WHAT YOU HAVE TO DO:
Only the lines from the one with "a dining room" to the end of the listing below should be set down, exactly as written and without any pictures.

EXERCISE DATA:
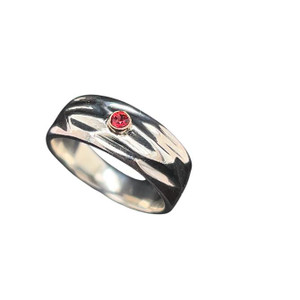 Handcut ring with Ruby. I cut wax by hand and casted this pattern into this tapered ring. Set with a really bright Ruby from Vietnam. Size 6.5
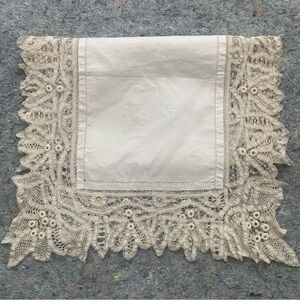 Antique white cotton rectangular table runner with intricate cream lace trim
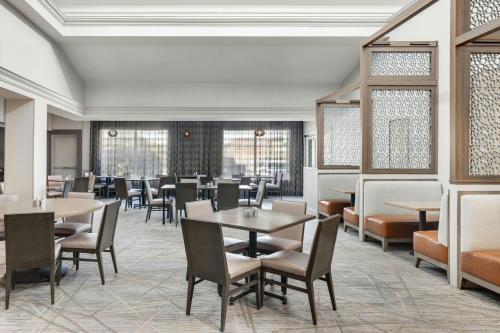 a dining room with tables and chairs and windows at Chicago Marriott Midway in Bedford Park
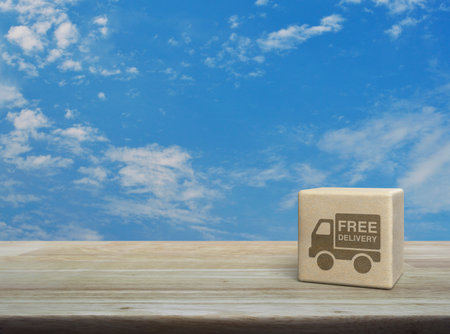 Free delivery truck icon on wood block cube on wooden table over blue sky with white clouds, Business transportation service conceptの写真素材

RESPONSE TO THE TASK:
 a dining room with tables and chairs and windows at Chicago Marriott Midway in Bedford Park
 Free delivery truck icon on wood block cube on wooden table over blue sky with white clouds, Business transportation service conceptの写真素材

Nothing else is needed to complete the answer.